*Problem statement*
Out of the entries that follow, copy each line containing "with".

═══ Data for this task ═══

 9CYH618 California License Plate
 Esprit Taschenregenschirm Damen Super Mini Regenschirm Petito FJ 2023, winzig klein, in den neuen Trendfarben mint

═══
═══ Data for this task ═══

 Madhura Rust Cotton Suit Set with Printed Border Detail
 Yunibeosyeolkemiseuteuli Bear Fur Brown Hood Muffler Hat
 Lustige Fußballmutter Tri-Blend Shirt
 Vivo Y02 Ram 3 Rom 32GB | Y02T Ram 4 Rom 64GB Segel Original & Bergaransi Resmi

═══
═══ Data for this task ═══

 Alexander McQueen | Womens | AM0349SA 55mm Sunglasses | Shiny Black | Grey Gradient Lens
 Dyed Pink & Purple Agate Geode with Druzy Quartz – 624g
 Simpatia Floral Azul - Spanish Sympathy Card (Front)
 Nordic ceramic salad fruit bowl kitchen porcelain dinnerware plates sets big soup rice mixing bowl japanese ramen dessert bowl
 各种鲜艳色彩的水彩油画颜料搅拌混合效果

═══

*Answer to this problem*
 Madhura Rust Cotton Suit Set with Printed Border Detail
 Dyed Pink & Purple Agate Geode with Druzy Quartz – 624g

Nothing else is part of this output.